┌──
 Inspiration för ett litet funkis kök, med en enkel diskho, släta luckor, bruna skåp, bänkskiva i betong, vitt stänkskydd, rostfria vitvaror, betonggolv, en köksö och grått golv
└──
┌──
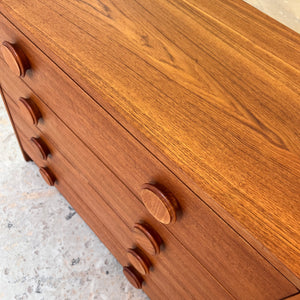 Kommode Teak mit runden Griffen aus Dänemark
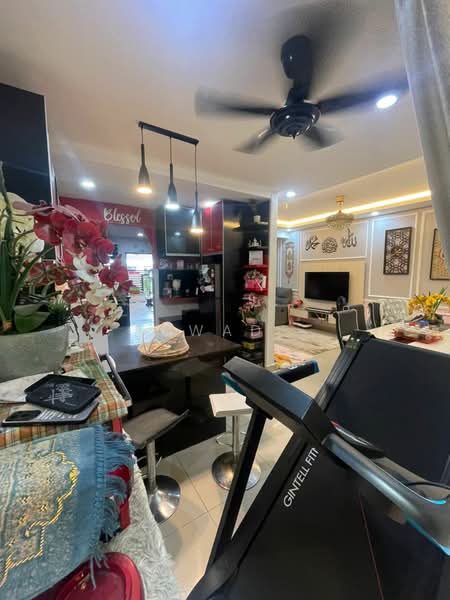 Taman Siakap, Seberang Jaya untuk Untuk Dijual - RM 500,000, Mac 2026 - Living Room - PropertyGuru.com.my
└──
┌──
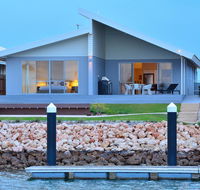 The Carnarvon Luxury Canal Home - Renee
└──
**EXERCISE INSTRUCTIONS**
Leaving pictures out, output the lines of the data above from the one with "Kommode Teak mit runden Griffen aus Dänemark" through the one with "Taman Siakap, Seberang", word for word.

**WORKED SOLUTION**
 Kommode Teak mit runden Griffen aus Dänemark
 Taman Siakap, Seberang Jaya untuk Untuk Dijual - RM 500,000, Mac 2026 - Living Room - PropertyGuru.com.my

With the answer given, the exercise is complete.